In this nationwide population-based cohort study, we identified all ICC diagnosed in Sweden during the years 2002–2011 (4,254 confirmed cases), requested all archival formalin-fixed paraffin-embedded blocks, and performed HPV genotyping. Twenty out of 25 pathology biobanks agreed to the study, yielding a total of 2,845 confirmed cases with valid HPV results. Cases were prospectively followed up from date of cancer diagnosis to 31 December 2015, migration from Sweden, or death, whichever occurred first. The main exposure was tumor hrHPV status classified as hrHPV-positive and hrHPV-negative. The primary outcome was all-cause mortality by 31 December 2015. Five-year relative survival ratios (RSRs) were calculated, and excess hazard ratios (EHRs) with 95% confidence intervals (CIs) were estimated using Poisson regression, adjusting for education, time since cancer diagnosis, and clinical factors including age at cancer diagnosis and International Federation of Gynecology and Obstetrics (FIGO) stage.
Of the 2,845 included cases, hrHPV was detected in 2,293 (80.6%), and we observed 1,131 (39.8%) deaths during an average of 6.2 years follow-up. The majority of ICC cases were diagnosed at age 30–59 years (57.5%) and classified as stage IB (40.7%). hrHPV positivity was significantly associated with screen-detected tumors, young age, high education level, and early stage at diagnosis (p < 0.001). The 5-year RSR compared to the general female population was 0.74 (95% CI 0.72–0.76) for hrHPV-positive cases and 0.54 (95% CI 0.50–0.59) for hrHPV-negative cases, yielding a crude EHR of 0.45 (95% CI 0.38–0.52) and an adjusted EHR of 0.61 (95% CI 0.52–0.71). Risk of all-cause mortality as measured by EHR was consistently and statistically significantly lower for cases with hrHPV-positive tumors for each age group above 29 years and each FIGO stage above IA. The difference in prognosis by hrHPV status was highly robust, regardless of the clinical, histological, and educational characteristics of the cases. The main limitation was that, except for education, we were not able to adjust for lifestyle factors or other unmeasured confounders.

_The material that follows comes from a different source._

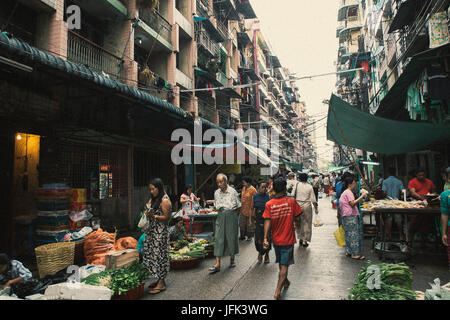 China-Stadt-Gebäude und Markt in Yangon / Rangun Stadt Myanmar / Birma Stockfoto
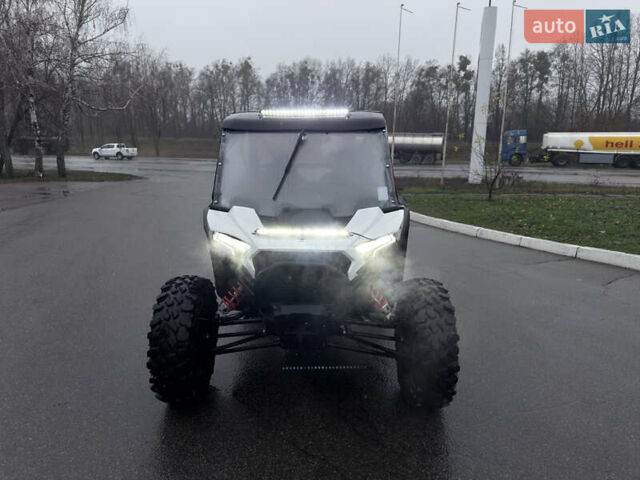 Білий Поларіс RZR XP 1000, об'ємом двигуна 1 л та пробігом 1 тис. км за 23000 $, фото 1 на Automoto.ua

In conclusion, women with hrHPV-positive cervical tumors had a substantially better prognosis than women with hrHPV-negative tumors. hrHPV appears to be a biomarker for better prognosis in cervical cancer independent of age, FIGO stage, and histological type, extending information from already established prognostic factors. The underlying biological mechanisms relating lack of detectable tumor hrHPV to considerably worse prognosis are not known and should be further investigated.
Purpose:
To compile a comprehensive survival and HPV genotyping data and provide a large-scale population-based evaluation of the association between tumor high risk HPV status and prognosis of invasive cervical cancer.
This dataset (ccHPV_RelativeSurvival.dta) comprises 2845 invasive cervical cancer (ICC) cases diagnosed in Sweden during the years 2002-2011, and had valid human papillomavirus (HPV) results assessed from the formalin-fixed, paraffin-embedded (FFPE) blocks.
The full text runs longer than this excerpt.